Sementara itu, Aryana aktivis PMII memaparkan, hal lain yang bisa dilakukan adalah pemanfaatan media. Ini sebagai jembatan untuk Kopri dalam menangkal kekerasan seksual. Kasus-kasus kekerasan seksual kerap kali terjadi di sejumlah daerah.
“Ketika kita berbicara isu kekerasan seksual, perempuan sering menjadi korban, dan sangat disayangkan mereka para korban bungkam. Kasus tersebut tidak tuntas di bawa ke ranah hukum karena kebanyakan masyarakat mengambil jalan keluar dengan pernikahan, memberi uang agar kasus selesai, serta jalan kekeluargaan lainya,”jelas Anggota Bawaslu Kalimantan Barat tersebut.
Saat ini cukup banyak aktivis yang selalu menyuarakan anti kekerasan seksual. Ini adalah satu kabar menggembirakan. Langkah atau peran yang bisa diambil oleh Kopri menguatkan ide-ide anti kekerasan seksual di media sosial secara masif.
“Perempuan saat ini punya bagian 30 persen untuk mengisi ranah politik, dan untuk ranah publik sendiri perempuan diberi kebebasan. Kadangkala kita dikasih kesempatan namun tidak maksimal, apalagi seorang mahasiswa atau aktivis memiliki hak istimewa untuk menyuarakan aspirasi,” ucapnya.
Aryana menjelaskan, Kopri sebagai bagian dari organisasi yang menjunjung tinggi nilai-nilai Islam yang ramah memiliki peran strategis dalam membantu mengurangi kasus kekerasan seksual.

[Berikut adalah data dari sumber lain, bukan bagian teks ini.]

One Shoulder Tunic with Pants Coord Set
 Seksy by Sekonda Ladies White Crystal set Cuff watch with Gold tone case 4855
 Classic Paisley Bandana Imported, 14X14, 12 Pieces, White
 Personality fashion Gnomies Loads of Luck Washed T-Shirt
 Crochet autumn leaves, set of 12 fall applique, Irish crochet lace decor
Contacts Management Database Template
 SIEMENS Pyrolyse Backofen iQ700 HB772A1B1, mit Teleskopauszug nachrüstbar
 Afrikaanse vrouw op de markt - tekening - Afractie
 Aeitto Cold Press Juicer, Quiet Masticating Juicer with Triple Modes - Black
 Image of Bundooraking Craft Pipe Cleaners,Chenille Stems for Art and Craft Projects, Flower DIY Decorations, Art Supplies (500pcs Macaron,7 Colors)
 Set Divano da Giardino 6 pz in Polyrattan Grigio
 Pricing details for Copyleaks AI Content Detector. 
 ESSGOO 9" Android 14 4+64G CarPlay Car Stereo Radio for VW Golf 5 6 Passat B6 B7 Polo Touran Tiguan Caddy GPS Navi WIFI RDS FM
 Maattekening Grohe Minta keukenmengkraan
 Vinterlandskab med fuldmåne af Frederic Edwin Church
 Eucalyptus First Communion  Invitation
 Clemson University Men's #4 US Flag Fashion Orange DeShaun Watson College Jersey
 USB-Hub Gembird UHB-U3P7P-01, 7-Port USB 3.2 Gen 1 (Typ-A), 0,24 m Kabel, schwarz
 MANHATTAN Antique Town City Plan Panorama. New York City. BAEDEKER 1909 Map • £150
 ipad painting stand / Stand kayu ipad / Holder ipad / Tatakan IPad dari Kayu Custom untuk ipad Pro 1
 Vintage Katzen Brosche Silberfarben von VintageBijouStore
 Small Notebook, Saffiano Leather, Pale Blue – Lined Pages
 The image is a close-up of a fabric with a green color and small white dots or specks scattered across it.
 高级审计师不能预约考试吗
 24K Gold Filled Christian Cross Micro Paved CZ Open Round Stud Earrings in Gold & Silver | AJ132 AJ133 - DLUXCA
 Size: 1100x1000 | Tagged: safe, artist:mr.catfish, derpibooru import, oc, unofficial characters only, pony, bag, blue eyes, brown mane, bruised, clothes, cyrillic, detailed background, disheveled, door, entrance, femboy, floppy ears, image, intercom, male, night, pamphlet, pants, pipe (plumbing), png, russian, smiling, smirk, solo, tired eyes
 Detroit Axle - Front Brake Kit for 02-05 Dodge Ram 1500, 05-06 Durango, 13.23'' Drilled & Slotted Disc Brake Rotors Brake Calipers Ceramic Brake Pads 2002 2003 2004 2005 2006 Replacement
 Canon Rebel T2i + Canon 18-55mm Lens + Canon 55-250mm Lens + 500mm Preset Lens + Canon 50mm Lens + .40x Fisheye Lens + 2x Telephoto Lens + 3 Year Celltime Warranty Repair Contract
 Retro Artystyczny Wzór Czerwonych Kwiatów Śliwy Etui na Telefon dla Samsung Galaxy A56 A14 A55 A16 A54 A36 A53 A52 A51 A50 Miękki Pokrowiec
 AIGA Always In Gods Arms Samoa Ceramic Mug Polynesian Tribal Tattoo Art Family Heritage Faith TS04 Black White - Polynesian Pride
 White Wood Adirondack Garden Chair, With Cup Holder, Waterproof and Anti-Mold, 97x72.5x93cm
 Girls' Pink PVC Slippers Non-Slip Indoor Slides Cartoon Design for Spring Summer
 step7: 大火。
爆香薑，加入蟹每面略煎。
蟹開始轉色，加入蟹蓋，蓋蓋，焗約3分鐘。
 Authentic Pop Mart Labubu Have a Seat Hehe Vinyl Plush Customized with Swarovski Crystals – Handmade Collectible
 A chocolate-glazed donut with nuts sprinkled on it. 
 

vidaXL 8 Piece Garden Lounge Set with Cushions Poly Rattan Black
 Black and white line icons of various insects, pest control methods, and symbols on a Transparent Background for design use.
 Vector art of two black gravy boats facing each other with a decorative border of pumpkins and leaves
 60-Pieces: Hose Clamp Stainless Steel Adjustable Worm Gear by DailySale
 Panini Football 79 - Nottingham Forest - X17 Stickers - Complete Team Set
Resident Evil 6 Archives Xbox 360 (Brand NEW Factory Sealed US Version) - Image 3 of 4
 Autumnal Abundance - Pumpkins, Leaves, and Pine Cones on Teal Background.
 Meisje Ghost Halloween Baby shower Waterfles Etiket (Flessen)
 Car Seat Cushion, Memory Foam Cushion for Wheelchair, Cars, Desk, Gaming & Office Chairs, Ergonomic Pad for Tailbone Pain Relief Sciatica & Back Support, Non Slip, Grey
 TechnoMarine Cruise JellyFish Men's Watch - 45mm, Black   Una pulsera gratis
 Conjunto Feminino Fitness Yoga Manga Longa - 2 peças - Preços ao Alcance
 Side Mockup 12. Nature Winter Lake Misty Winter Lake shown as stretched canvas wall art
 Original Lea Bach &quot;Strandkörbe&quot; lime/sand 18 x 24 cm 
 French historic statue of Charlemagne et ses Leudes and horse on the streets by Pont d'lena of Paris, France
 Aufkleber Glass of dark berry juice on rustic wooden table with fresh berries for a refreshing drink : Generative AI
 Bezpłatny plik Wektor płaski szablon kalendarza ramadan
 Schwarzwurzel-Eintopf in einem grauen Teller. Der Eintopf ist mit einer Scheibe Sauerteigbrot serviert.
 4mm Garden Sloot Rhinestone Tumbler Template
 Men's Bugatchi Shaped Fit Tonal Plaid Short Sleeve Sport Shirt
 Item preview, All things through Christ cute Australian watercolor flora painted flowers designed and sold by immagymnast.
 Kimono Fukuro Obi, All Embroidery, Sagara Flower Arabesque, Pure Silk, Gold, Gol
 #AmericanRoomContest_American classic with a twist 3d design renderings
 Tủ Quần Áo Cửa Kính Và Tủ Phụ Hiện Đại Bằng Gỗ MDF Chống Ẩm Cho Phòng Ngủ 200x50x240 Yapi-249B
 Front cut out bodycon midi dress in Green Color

Karena ada ruang ruang tertentu yang tidak bisa dilakukan oleh laki-laki dalam persoalan ini.
“Sahabat dengan gelar mahasiswa saya rasa lebih luwes untuk menyampaikan hal itu. Selain dengan edukasi melalui konten media, Kopri juga bisa melakukan survei atau penelitian. Semakin banyak ruang dialektika maka akan semakin banyak solusi,” pungkasnya.